Leading works include All the Dead Stars 2009; which reads as a constellation of 27,000 known dead stars, that Paterson has had carefully laser etched onto black anodized aluminum. An artwork that reads like a blueprint of a sea of astrological fatalities in space. Inside the desert lies the tiniest grain of sand 2010, initially appears as utterly futile, but upon closer inspection becomes something else entirely. A work in which Paterson collected a grain of sand from the Sahara Desert, and using nanotechnology has it reduced from its original microscopic size to something even more impossible to see with the naked eye. The minuscule detail of this grain of sand was then returned to the Sahara and buried deep into the desert. And for all that what remains is a single black and white photograph of the desert, and a figure in the middle distance rising from a sand dune with an arm outstretched. A work that recalls Francis Alÿs’s 2002 work Faith Moves Mountains, (In which Alÿs recruited an army of volunteers in Peru, to move a sand dune several inches).

Light bulb to Simulate Moonlight 2008, courtesy the artist
Light bulb to Simulate Moonlight 2008, courtesy the artist
Light bulb to Simulate Moonlight 2008, courtesy the artist
Light bulb to Simulate Moonlight 2008, courtesy the artist

Another work Light bulb to Simulate moonlight 2008, appears as an impressive installation of coloured domestic light bulbs. That have been removed from an oversized wooden crate, which appears as part of the artwork. The bulbs running side by side within an open cabinet attached to the wall, in an amusement park styled display. The configuration of 289 bulbs, in which each bulb burns for 200 hours, alludes to the lifespan of a human being in relation to the light transmitted by the moon in a given lifetime. A ‘light’ and ‘life’ installation, the infinite calculables of Light bulb to Simulate moonlight 2008, proves like so many of Paterson’s work, that they are greater than the sum of their parts.
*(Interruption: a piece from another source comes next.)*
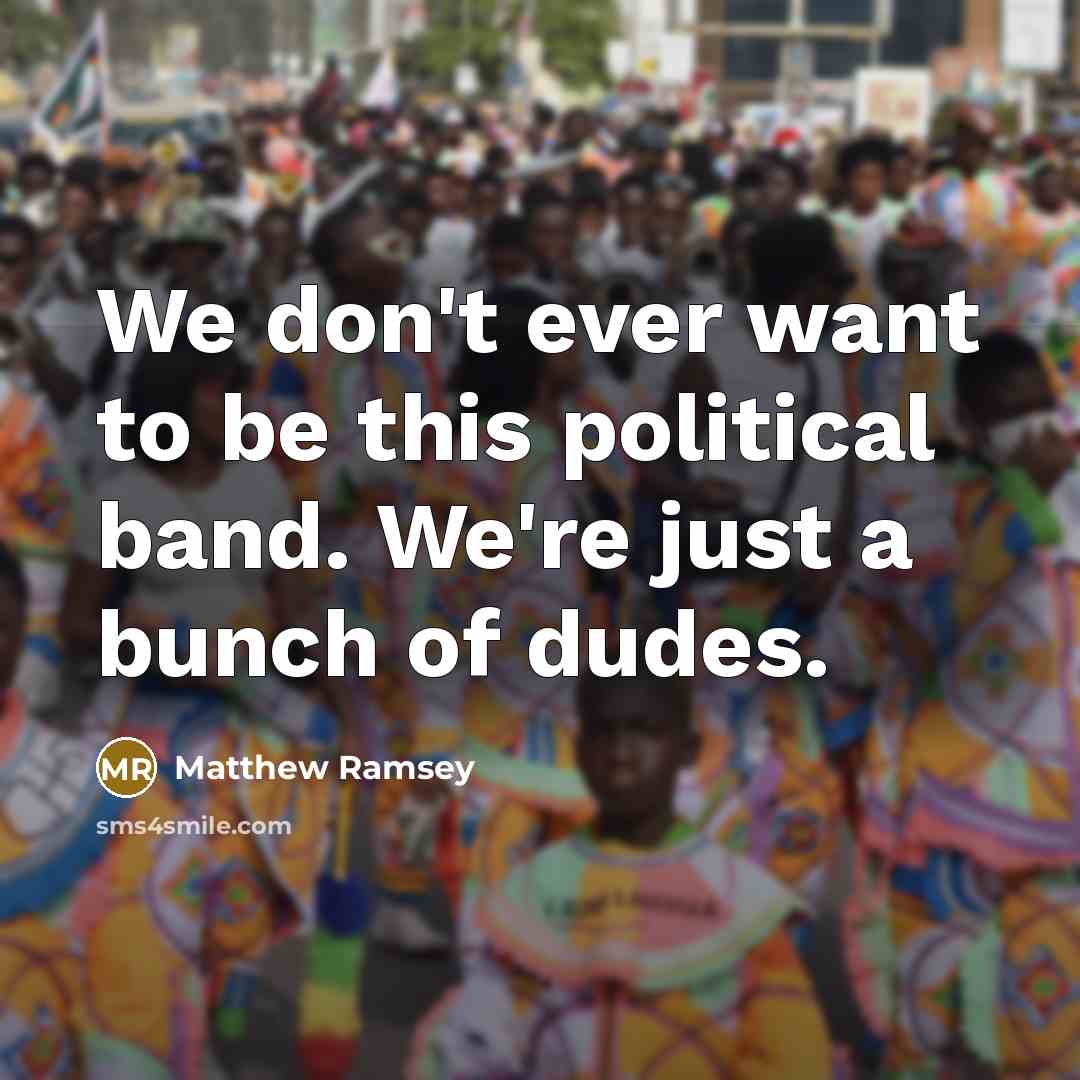 “We don't ever want to be this political band. We're…” quote by Matthew Ramsey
Rajesh Punj: For an audience less familiar with your work, can you begin by exploring and explaining your practice?

Katie Paterson: I often work with many different people to realise my ideas. My art practice is multi-disciplinary, exploring ideas relating to the landscape, geology, space, time and the cosmos; using technology to bring together the commonplace and the cosmic. Everyday technologies – such as mobile phones, record players and radios – connect with vaster, more intangible phenomena. The imagination always plays a key role. In the past, I have broadcast the sounds of a melting glacier live to a visitor on a mobile phone; mapped all the dead stars; compiled a slide archive of the history of darkness across the ages; custom-made a light bulb to simulate the experience of moonlight; and buried a nano-sized grain of sand deep within the Sahara desert. My studio practice is changeable and dynamic. I have a modest studio in Berlin, and two assistants. In the last few months our research has ranged from lunar chemistry, forestry, geology, clock making and horology, to paleontology and perfumery.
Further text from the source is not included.